BRIEF
Reproduce all the material verbatim, down to the last line.

RECORDED DATA
══════════
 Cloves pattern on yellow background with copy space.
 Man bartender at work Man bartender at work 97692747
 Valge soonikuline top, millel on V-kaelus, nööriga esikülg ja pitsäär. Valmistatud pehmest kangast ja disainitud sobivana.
══════════
RESPONSE TO THIS TASK
 Cloves pattern on yellow background with copy space.
 Man bartender at work Man bartender at work 97692747
 Valge soonikuline top, millel on V-kaelus, nööriga esikülg ja pitsäär. Valmistatud pehmest kangast ja disainitud sobivana.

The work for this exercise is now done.